• **Required work**
Of the entries below, restate word for word only the section that runs from the line with "Mato Grosso e" to the line with "Natural rubber teeth", counting both ends.

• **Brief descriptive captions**
*** Block opens ***
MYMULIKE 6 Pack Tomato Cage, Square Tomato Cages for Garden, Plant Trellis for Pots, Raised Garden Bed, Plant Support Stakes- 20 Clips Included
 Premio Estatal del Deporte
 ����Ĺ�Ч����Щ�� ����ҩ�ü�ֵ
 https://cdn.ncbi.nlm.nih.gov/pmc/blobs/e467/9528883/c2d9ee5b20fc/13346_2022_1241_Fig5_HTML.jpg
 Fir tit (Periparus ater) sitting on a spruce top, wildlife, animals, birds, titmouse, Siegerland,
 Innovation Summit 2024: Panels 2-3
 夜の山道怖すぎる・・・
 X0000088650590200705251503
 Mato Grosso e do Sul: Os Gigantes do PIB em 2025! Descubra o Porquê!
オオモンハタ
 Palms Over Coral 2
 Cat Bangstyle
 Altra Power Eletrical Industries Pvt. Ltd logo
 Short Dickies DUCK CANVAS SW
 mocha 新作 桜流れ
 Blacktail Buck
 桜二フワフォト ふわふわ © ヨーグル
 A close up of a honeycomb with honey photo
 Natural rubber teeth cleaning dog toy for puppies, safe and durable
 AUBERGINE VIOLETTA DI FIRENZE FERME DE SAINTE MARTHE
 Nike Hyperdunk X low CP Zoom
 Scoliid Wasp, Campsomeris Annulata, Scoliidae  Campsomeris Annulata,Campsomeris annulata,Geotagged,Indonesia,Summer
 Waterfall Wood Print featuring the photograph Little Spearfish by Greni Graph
*** Block closes ***
• **Result of the exercise**
 Mato Grosso e do Sul: Os Gigantes do PIB em 2025! Descubra o Porquê!
オオモンハタ
 Palms Over Coral 2
 Cat Bangstyle
 Altra Power Eletrical Industries Pvt. Ltd logo
 Short Dickies DUCK CANVAS SW
 mocha 新作 桜流れ
 Blacktail Buck
 桜二フワフォト ふわふわ © ヨーグル
 A close up of a honeycomb with honey photo
 Natural rubber teeth cleaning dog toy for puppies, safe and durable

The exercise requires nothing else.